The title is an anagram for Redford’s name, and the first third of the volume narrates moments from the fantasy love affair as it plays out in midwestern diners, Swiss ski resorts, and the airplane cabins that pass between. In the hands of a less adroit poet, this gesture—dropping a pop culture icon into the near-sacred space usually reserved for “you”—might come off as an easy absurdity, good for a quick laugh; but in Petrosino’s hands, Redford behaves with a casual gentleness that belies his iconicity. His part as ideal lover unfolds with such acute detail and in such quotidian situations (the poems almost always take place when the couple is having a snack) that we’re tempted to forget he is a fantasy, until his name reminds us: “I’m washing dishes at the kitchen sink, & Redford / puts his arms around my waist. He says: I want / to tell you something […] / I hear him / opening the candy wrapper with his teeth.” At moments of euphoria or terror, these poems break into lyricism, but their emphasis on the ordinary comes freighted with its own pathetic power, produced in large part by the suspicion—central to the dramatic lyric since Thomas Hardy—that the ideal beloved is no more than a fictive, temporary presence. The book’s third section, “Valentine,” delivers a series of slanted, aggressive love letters in the colloquial mode of the stand-up comic (“Suppose it was a cold throwdown for my affection. / Who would win, Jack White or Jack Black?”), but behind the smack talk, the sadness remains.

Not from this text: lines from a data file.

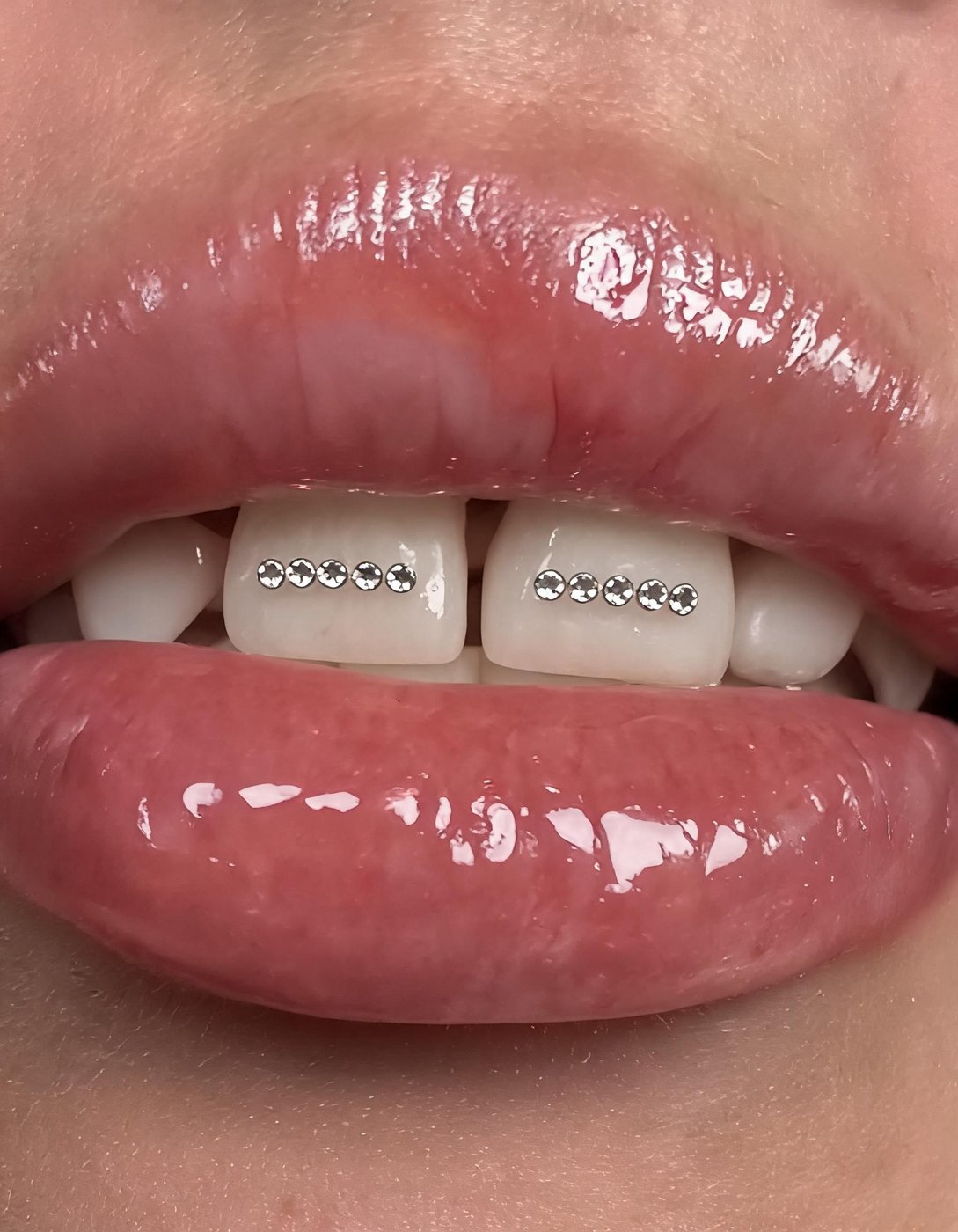 Même sourire, bijou dentaire posé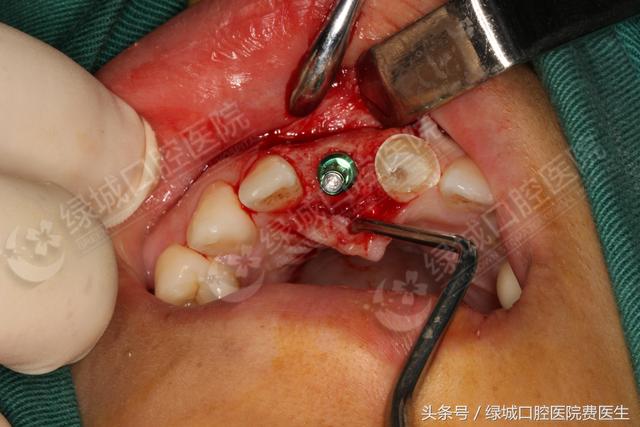 人类的第三副牙齿——种植牙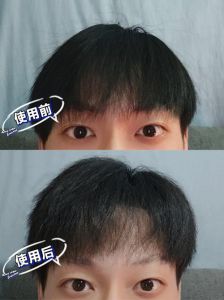 发泥不洗掉会伤头发吗_发泥残留伤头皮，用对才护发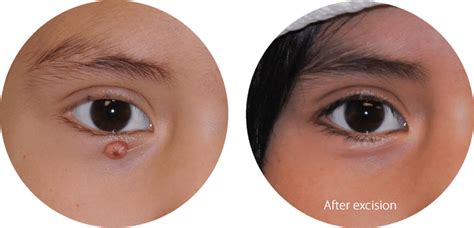 pyogenic granuloma  pasadena glendale andre panossian md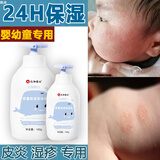 儿童身体乳保湿止痒干性湿疹宝宝身体乳特应性皮炎秋冬干燥瘙痒润肤乳皮炎性皮肤瘙痒滋润防干裂婴儿面霜 单盒【保湿止痒儿童身体乳】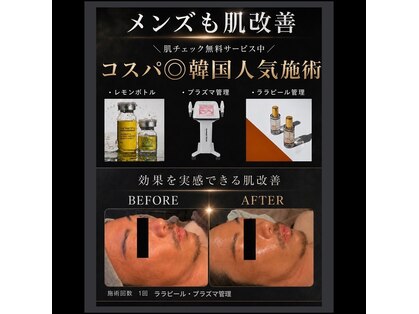 モンド(Mondo)の写真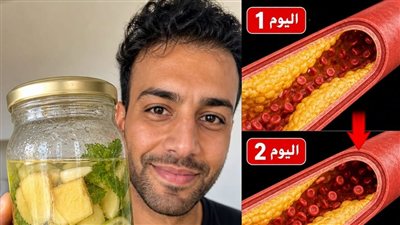 درع الشرايين”: الحقيقة العلمية لتنظيف الأوعية الدموية والوقاية من الجلطات (2026)
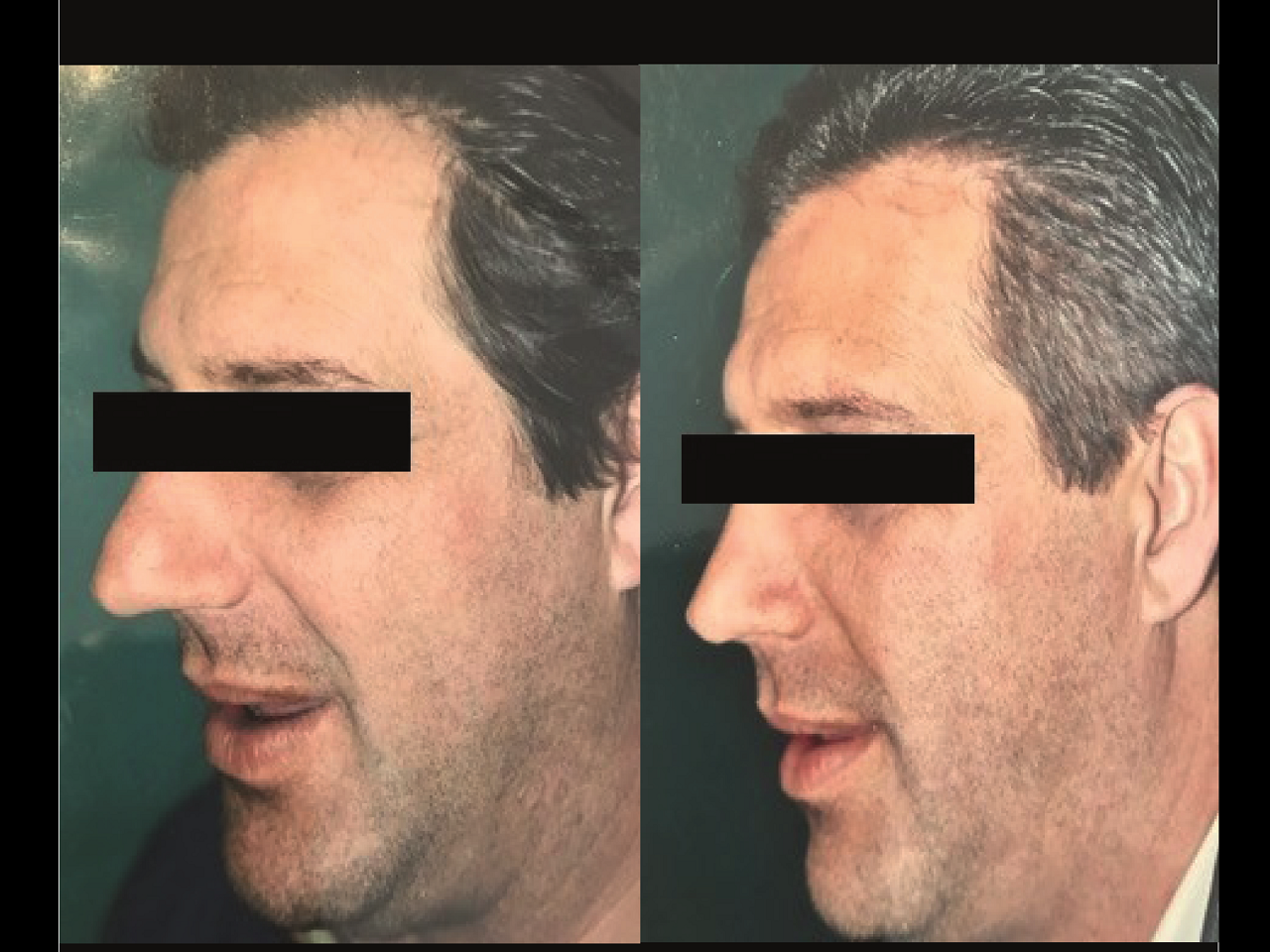 Rhinoplastie Homme Chirurgien Esthetique Rhinoplastie Montreux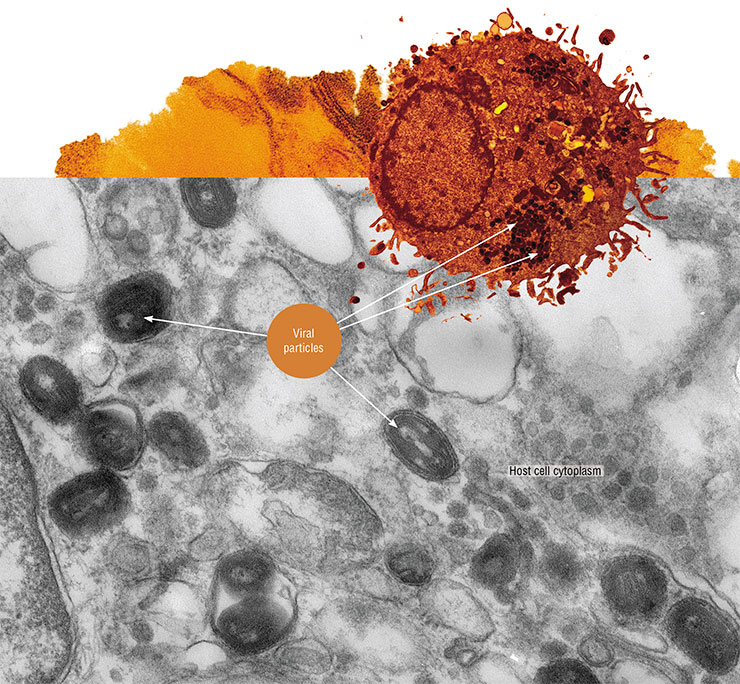 Smallpox (variola) virus virions are large in size, so after special staining, one can see them in a cell using a light microscope, which is impossible for other viruses. The photo shows mature smallpox virions of the India-3a strain in cell cultures. Electron transmission microscopy. Photo by E. Ryabchikova. Adapted from: (Shchelkunov, 2012)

The middle section, “Otolaryngology” (a.k.a. ear- nose-and-throat medicine), forfeits the coherence of its neighbors in favor of a smorgasbord of strategies, including an Oulipian treatment of biracial identity, an ode to the poet’s Afro in the Magna Carta’s idiom, and the hilarious and poignant “Secret Ninja,” a masterpiece of self-ironizing middle-school stoicism: “My lunch—mustard. / Straight from the packet. / No one sits next to me. / Keep working my skills. / Keep circling the word blood / in Macbeth. // Good. // It takes days. / It takes days.” In “Gristle,” a grotesque moment of identification between self and chicken is conveyed with line breaks reminiscent of William Carlos Williams at his best: “lookathem says Uncle lookahow birds / eat up that chicken. / I lookahow birds eat up that / chicken good / God chickens’ll eat up that / chicken girl / Chickens’ll eat chicken / girl best / cover up those dirty / legs—”

Some readers may take this book’s cornucopia of styles— haute-cuisine beside comfort food—as the sign of a young poet showing off her range at the expense of a square meal. Most, I think, will take it as the natural function of mixed feelings towards lyricism, elegance, and the high (European) cultural “good taste” to which Petrosino finds herself both outsider and heir.